Una de sus primeras luchas, en el sur de Bogotá, fue que se garantizara el derecho a la objeción de conciencia al servicio militar obligatorio, para todo aquel que no quisiera empuñar un fusil ni irse a la guerra. Por esa época creó la Asociación Cristiana Menonita para la Justicia, Paz y Acción No Violenta (Justapaz). Desde allí empezó a trabajar por los Montes de María, de donde había salido en 1988 por las amenazas del MAS.
Pero mientras se acercaba el final de la década de 1990, la escalada violenta en esa subregión del Caribe se recrudecía. Para 1997, los 15 municipios montemarianos estaban en medio del fuego cruzado de los paramilitares de las Autodefensas Unidas de Colombia (Auc) y las guerrillas de las Farc y el Eln. Las masacres paramilitares desangraban el territorio y expulsaban a sus pobladores. Para Ricardo Esquivia hay una explicación a la capacidad de resistencia que tuvo la población ante los violentos y que no permitió que la región se resquebrajara por completo. La herencia de la Asociación Nacional de Usuarios Campesinos (ANUC). Fue precisamente en Sucre donde la ANUC tuvo la mayor influencia en todo el país y donde llevó a cabo la mayor toma de tierras.
Con el escenario violento que tenía lugar en los Montes de María, Esquivia pensó que la lucha había que darla directamente desde el territorio.
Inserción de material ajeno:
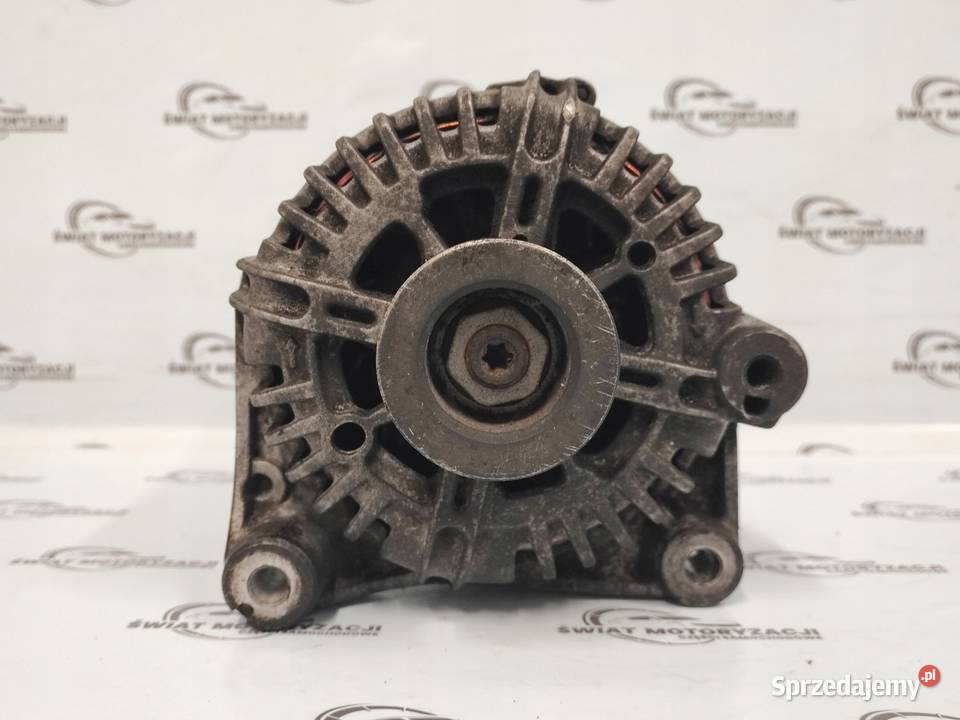 BMW X3 3 5 20 D M47D20 M47T0E4 204D4 167 Kielce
Una vez allí, en los primeros años de la década de 2000, creó la asociación Sembrando Paz para acompañar a los pobladores que, aun sin que se fuera la violencia, retornaban a su territorio. Pero de nuevo volvieron los señalamientos, esta vez de las fuerzas del Estado, que lo relacionaban con las Farc. La Fiscalía abrió un proceso en su contra, fue blanco de las chuzadas del extinto DAS y tuvo que salir exiliado.
Volvió. Los años más recientes en el territorio los ha dedicado a reconstruir el tejido social que rompió la guerra. Un territorio que a veces se ve acorralado por otro tipo de amenazas, incluso legales, como el monocultivo de palma aceitera. “El problema con la palma es cuando se vuelve monocultivo y después termina cambiando la vocación de la tierra, entonces se deja de sembrar comida para sembrar palma. El campesino se va quedando sin tener dónde sembrar su yuca, su ñame, su plátano. Eso sí ya es problemático”.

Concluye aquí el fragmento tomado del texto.